3
Yorum
26
Beğeni
5,0
Puan
934
Okunma
Senin gitmekle başladı zamansızlığım
Zamanla zamanda yitmiş bir yabancıyım.
Alabildiğine hülya olabildiğine rüya var gözlerimde
Zamana tutsak olduğum ânda bile ,
Seni yüreğimdeki kuşların sevinciyle
Sarıp sarmalamak istiyorum sadece.
Zaman saatleri kapsayıp gülümserken yüzüme
Her dakika seni düşünmektir , zaman
Zamanın içinde olmayan bir saniyede yok olup giden,
Ölüp biten aşk ağacı dibinde oturan ben
Huzur içinde ölümümle toprağı doyuruyorum.

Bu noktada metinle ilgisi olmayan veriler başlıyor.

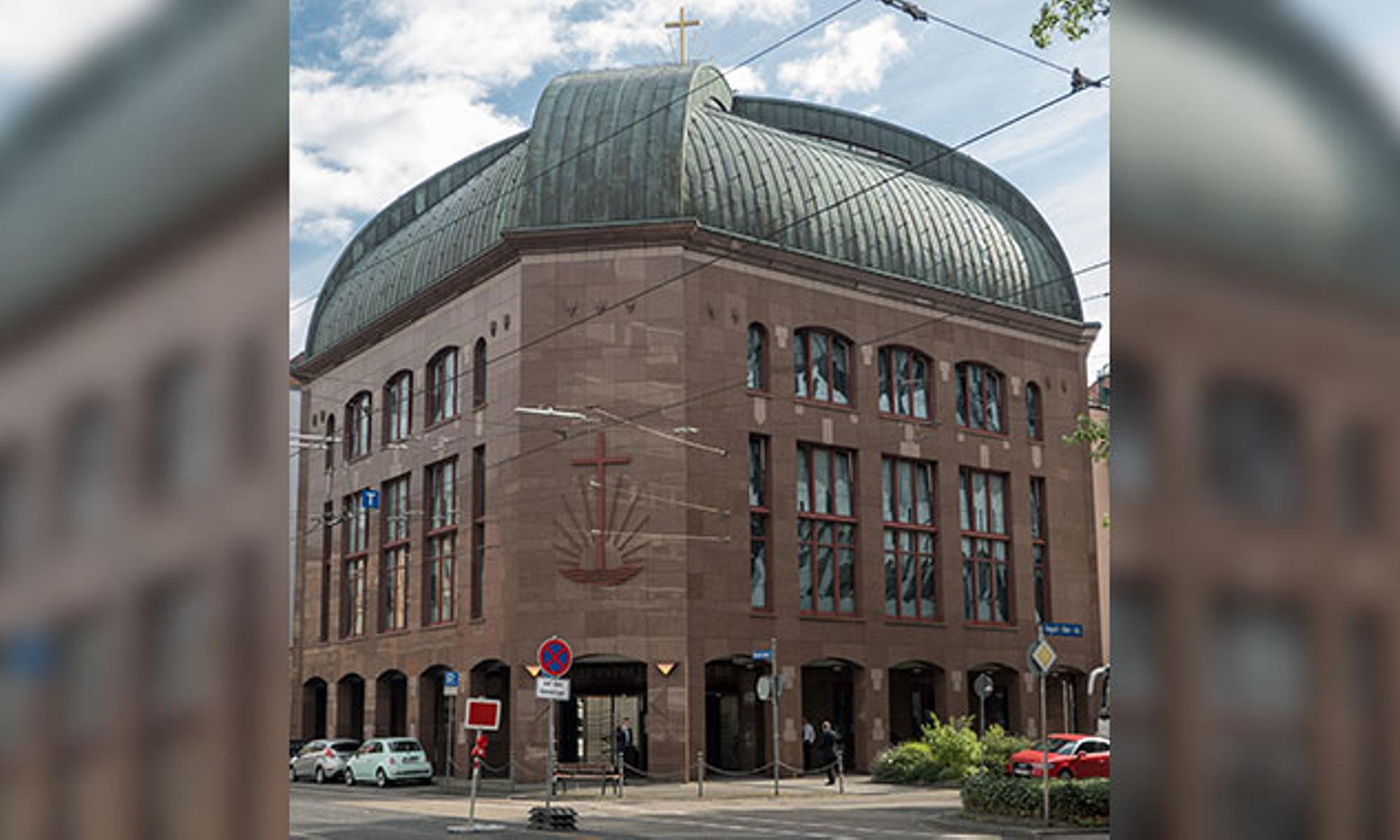 Das Kirchengebäude der Gemeinde Karlsruhe-Mitte heute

Aşk uğruna tuzlu yaşlarla mezarımı suluyorum.
Zaman, kimi zaman algılaması güç
Ânın içine dolan korkular kadar hızlı
Sırayet ediyor durgun bedenime.
İmsâk vaktinden seher vaktine
Ellerimi göğe, yüreğimi Yaradana açıp,
Dilimde pişen duaların sıcaklığı,
Gözlerimden düşen yaşların serinliğinde
Senin için ruhumun kuytusunda
Sâbâ’nın tınısında esen zamanı durduruyorum dilimdeki aşkla.
Saçlarımın akla nurlandığı zaman
Senin derdinle yanıp tutuşan gönlüme
Reva mıydı gözlerinle harlandığı,
Hüzzamla közlediğin aşkı
Dur durak bilmeden içime dolan kelebeklerin
Sürgit sevdanla öldürüp tekrar dirilttiğin sözlerinde,
Pervane gibi senin serabında, zaman kırılmasında,
Aşk ateşimin etrafında dolanıp ,doldurup yüreğime sevdamı
Zamanı, ânı yerle yeksan edince
Ardında taze bir ölü bırakırsın gözlerimdeki düşle
Asûde bir âna işaret edip zaman
Sensizlikle demlenip ,kendimin delirdiği
Kuşlarımın, kelebeklerimin durduğu
Kuruttuğun göllerimin susuzluğunda
Hicaz bir besteyle yüreğime doldurduğun ateşin adıdır, aşk
Ve aşk, dilinde dillenmeyi bekleyen bir nihavend şarkının ümididir.